Natalie Ennis speaking outside court
Natalie Ennis said that if 'the police hadn't come in that day' she was 'sure' she was dead

"We fund legal services in Natalie’s case but we do not fund services to help and support victims whose evidence we hear relayed in those very same courts," said Mr Hall.

Detective Garda Peter Guyett told the court earlier this week that Ms Ennis and her then-partner were staying with one of the men and became aware he was holding drugs in his house.

On the day of the attack, that man and another person told her to come with them and she was put into an Audi with two other men.

She was driven to McMahon's flat in Henrietta House where she was terrorised and tortured.

The detective said Rice began questioning Ms Ennis about a €90,000 batch of cocaine that had gone missing from the house she was staying in.

Rice accessed her Facebook account, demanded her mother's address and threatened to rape her 17-year-old daughter who was staying there.

He started hitting her across the head with a metal pole before he "lost control" and started hitting her all over her body, the court heard.

McMahon held a hatchet up to her face while his son Mark Keogh, referred to in court as 'Sparky' hit her across the head with a pole.
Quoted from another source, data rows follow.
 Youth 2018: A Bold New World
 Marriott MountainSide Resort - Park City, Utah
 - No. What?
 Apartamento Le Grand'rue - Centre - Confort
Sean Conroy kicked her in the face.

While Ms Ennis was being hit and kicked, Rice burned her by heating up the head of a hammer and pressing it "over and over" against her bare legs.

At one point, she heard the men on the phone to their "boss" who told them to "strip her off and get her into bed and bugger her".
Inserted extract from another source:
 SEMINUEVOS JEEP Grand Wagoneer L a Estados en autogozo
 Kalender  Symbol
They did not do this, but they told her a "black man" whom Ms Ennis said they referred to as "a monkey" was coming to rape her.

In text messages read out in court today, one of the men boasted to a friend that they had a "hostage" and had "cut her up", to which this unidentified man replied - "quality".
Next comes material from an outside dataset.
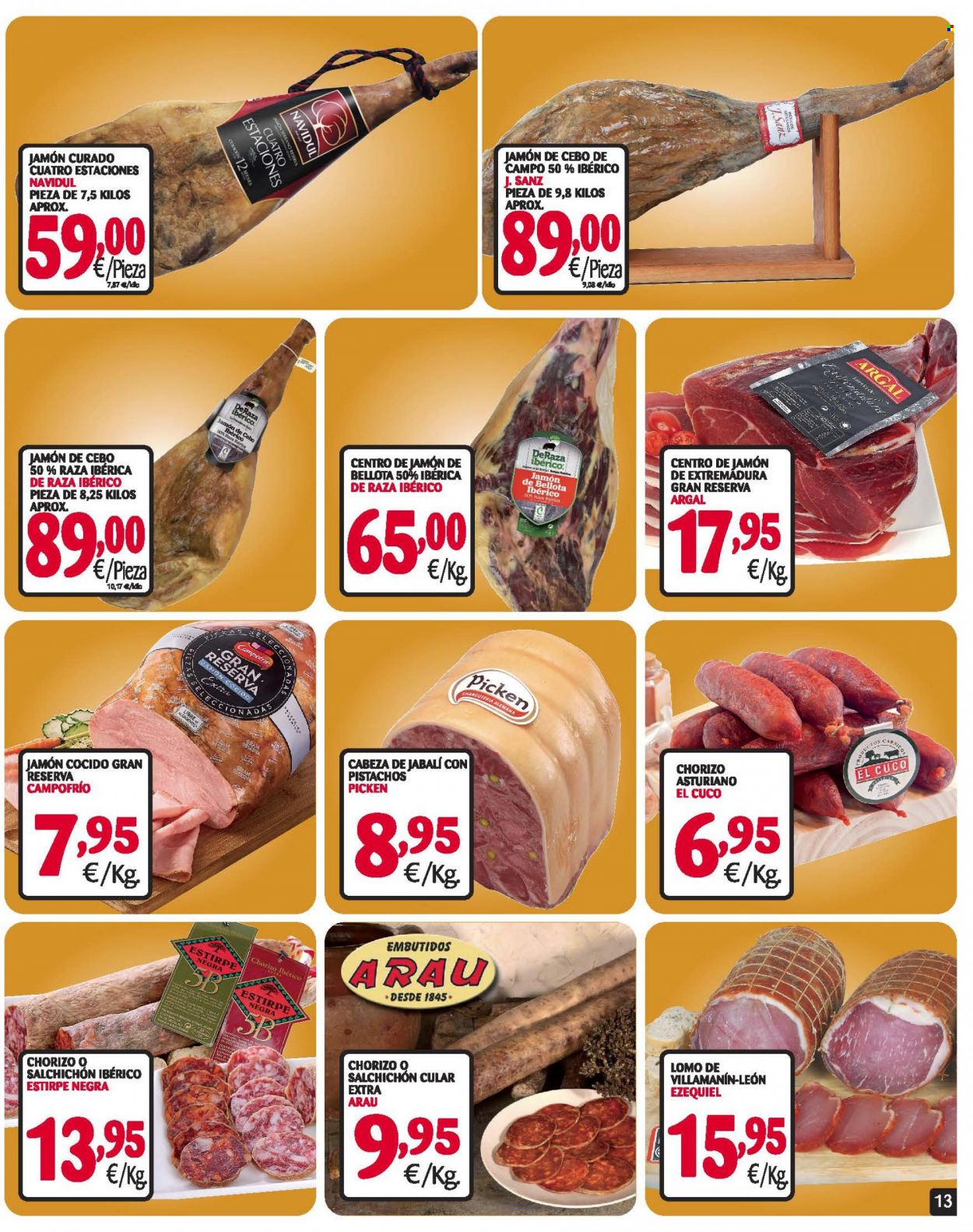 Folleto Alimerka - 09/09/21 - 22/09/21. Página 13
'Animals wouldn't have done what they did', says Ennis

Phone video footage taken inside the flat that day was also played in court, which showed Ms Ennis bloodied and distressed and a hammer being heated up on a hob.

Ms Ennis said in her victim impact statement which the garda read out that she suffered severe burns to her legs, face and hair and that she can "never get the smell out" of her own skin and body burning.

They had, she said, an aerosol can and a lighter and a heated hammer and the men ran at her at speed from another room and assaulted her.

"Animals wouldn’t have done what they did," she said.

"I was begging them to stop, one woman with eight men, they made me feel so helpless."

She spent five weeks in hospital undergoing skin grafts and surgery twice for injuries to her back and elbow.

She also sustained a fractured skull, cheek bone and eye socket and scarring to her face and body.

"Supposedly drugs were missing," she said, "It had nothing to do with me.

"No matter what I said, they didn’t believe me.

"I was beaten, stabbed, burned, and tortured to confess to something I knew nothing about."

"I had to give up my daughter and mam's name," she said.

"They said they would get my daughter out of school and rape her, my little girl.

"They got my mam's home address, tortured it out of me, said they were going to her house.

"They said they were going to make me drink ammonia."

Ms Ennis said she still suffers flashbacks where she has to "live it all over again" and night terrors.

She is afraid to go out, particularly at night.

"It has affected my mind, my identity," she said.

"Three hours felt like three years, I burst out crying when I think about it, nothing helps.

"I will never forgive these sick human beings. I never knew humanity could be so cruel," she said. "I hope you can sleep well at night 'cos I can’t."

Judge Codd said Ms Ennis had been through "unimaginable trauma".